Come andò effettivamente la questione è contenuto nel
riscontro fornito dalla Direzione Generale del MIT che rilevò che: «[…] l’intervento
è migliorabile con la modifica infrastrutturale che prevede l’adozione di un
diverso scartamento compatibile con il resto della rete tranviaria […]»
«[…] Sulla base di quanto già trasmesso con la citata nota 41871 del 05.11.2019, nelle more della registrazione presso gli organi di controllo del Decreto sopra citato nonché della successiva pubblicazione in Gazzetta Ufficiale, si comunica fin da ora che tali integrazioni dovranno riguardare l’adeguamento completo del progetto di fattibilità dal punto di vista tecnico ed economico, alla luce della nuova soluzione progettuale proposta; codesta Amministrazione avrà cura di verificare la congruità della documentazione integrativa con i dati precedentemente forniti e, se del caso, rivedere anche gli elaborati originariamente trasmessi in considerazione delle integrazioni istruttorie.[…]»

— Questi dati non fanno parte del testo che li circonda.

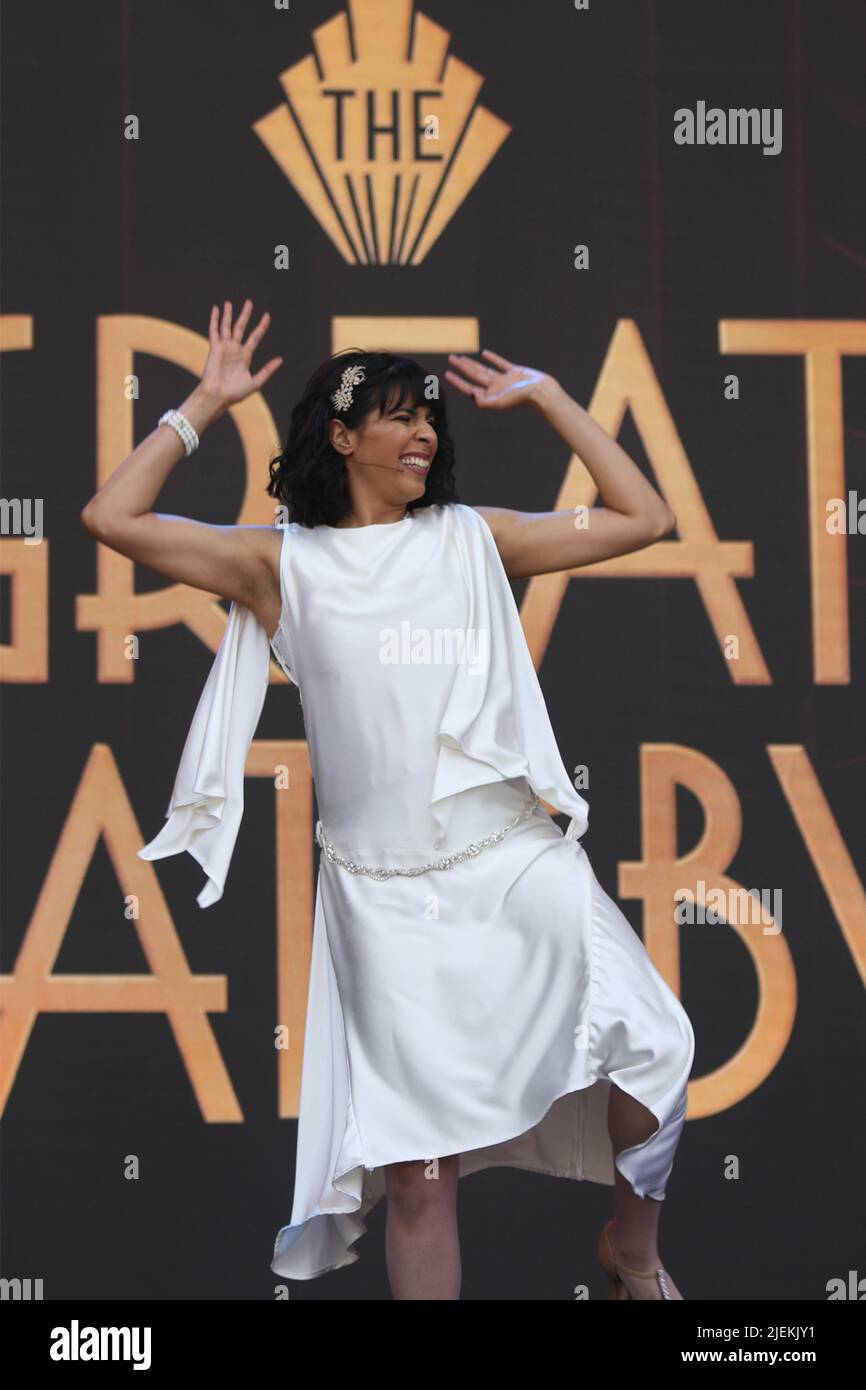 Daisy buchanan hi-res stock photography and images - Alamy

Non dunque una imposizione nel senso proprio della
parola: il MIT esercitò nei confronti del Comune di Roma il soft power dell’avere in mano i finanziamenti per ammodernare la linea, decidendo autonomamente che la
modifica strutturale a scartamento ordinario fosse un miglioramento del
progetto.
È quindi naturale che questa imposizione, sebbene non fosse
formale, sia divenuta fattuale. Occorre ricordare infatti, come già ribadito in
questa sede, che questi 180 milioni messi a disposizione dal MIT rappresentano
l’unica e ultima possibilità per salvare la ferrovia di via Casilina.
Risulta pertanto inutile rimuginare su cosa sarebbe potuto succedere se il Comune, dopo più di un anno di contrattazione col MIT, si fosse
impuntato ancora una volta sullo scartamento ridotto. L’attuale progetto
Termini-Centocelle-Giardinetti-Tor Vergata soddisfa tutti i punti che la
cittadinanza ha sempre richiesto: mantenimento integrale della sede tramviaria,
alta velocità di servizio, mezzi moderni, accessibili e capaci.
Guardare indietro non serve a nulla, ora bisogna spingere
affinché la carta diventi realtà, pena la chiusura definitiva della linea e la sua sostituzione con autobus.
Nel frattempo ci auguriamo che questo
articolo sia servito a tutti per fare chiarezza.